The case against Blagojevich was greatly streamlined at his second trial, as the prosecutors focused on five alleged shakedowns and threw out several other more complicated allegations, as well as complex and confusing racketeering charges.

It was a clear effort by the government to simplify their case after jurors at the first trial deadlocked on all but one of the counts against Blagojevich – lying to the FBI. A lone juror prevented Blagojevich from being convicted of the most explosive allegation – that he tried to sell or trade an appointment to the U.S. Senate seat vacated by President Barack Obama in 2008.

This time, jurors are focusing on only five basic shakedown allegations – the Senate seat allegations, as well as charges that Blagojevich tried to get campaign cash in exchange for taking action on various state government programs.

Defense attorneys have said they are still confident Blagojevich will be acquitted, despite the more focused prosecution case.

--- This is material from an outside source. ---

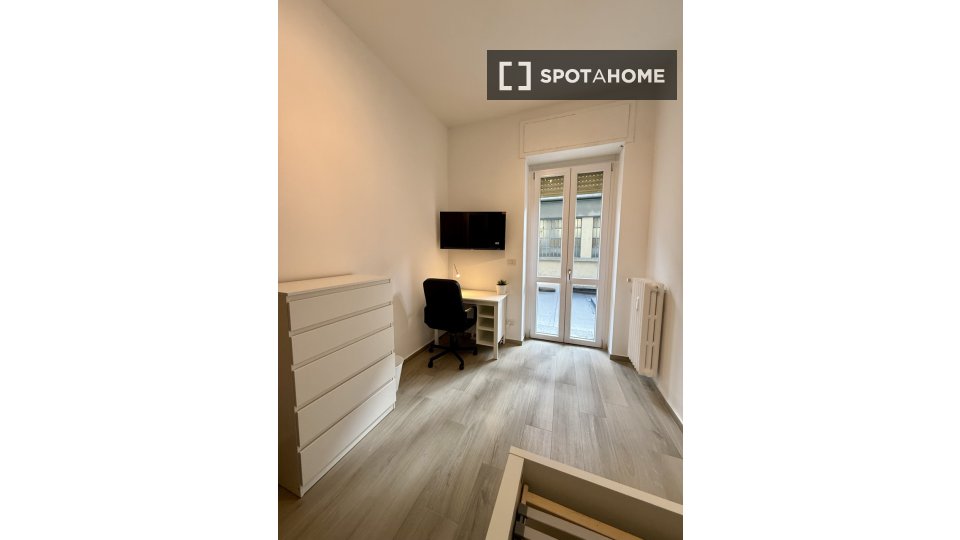 Double room Turin, 4 beds, 100m² — photo 6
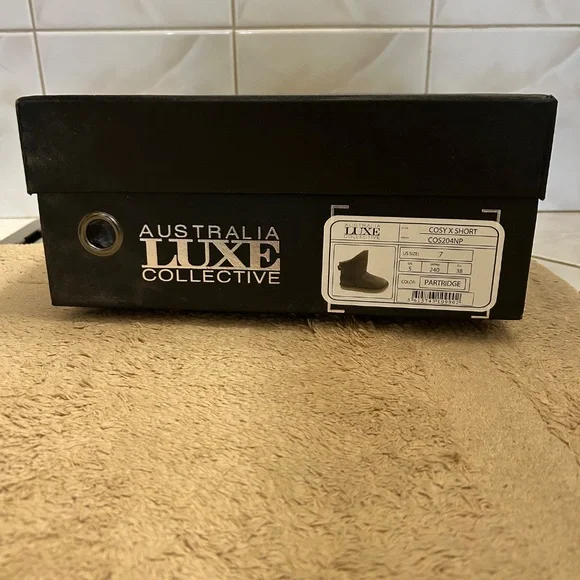 Australia luxe short boots 7 - Picture 4 of 4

“It’s a fundamental view that we have. We have stood by Rod the whole way and we believe in him and we believe in our case. So, it’s only logical that if you believe in your case, you believe you’ve got a shot,” defense attorney Aaron Goldstein said after closing arguments. “These are 12 people that we know are good human beings and are gonna look at the facts, so based on that, we absolutely do think we have a good chance.”

Aside from the streamlined case, the biggest difference at the retrial was Blagojevich making the decision to take the stand and try to defend himself against the various shakedown allegations.

Whether or not jurors believed him will be pivotal to the jury’s decision.

But defense attorneys weren’t about to predict what the jury was thinking as they listened to Blagojevich over the course of seven days on the witness stand.

“That’s almost voodoo to try and figure out what in the world they’re thinking,” Goldstein said.

For most of the trial, the jurors were largely stone-faced as they listened to testimony, rarely showing any emotional reaction, often taking copious notes. While some jurors occasionally laughed when Blagojevich would joke on the stand, others rolled their eyes, but neither is necessarily a sign of what they thought of his testimony overall.

“There’s no way you can honestly look at someone and say ‘I know what they’re thinking.’ If someone smiles at you, they could be smiling about something completely random. If someone gives you a mean face, they could be mad at something,” Goldstein said. “It’s so random, you just don’t know. What we do know is that this jury is extremely attentive. And it has every indication to me that they care about this and that they’re going to do their job. That’s the best I can tell.”

The jury consists of 11 women and one man. They will deliberate Mondays through Thursdays, starting at 9 a.m. each day.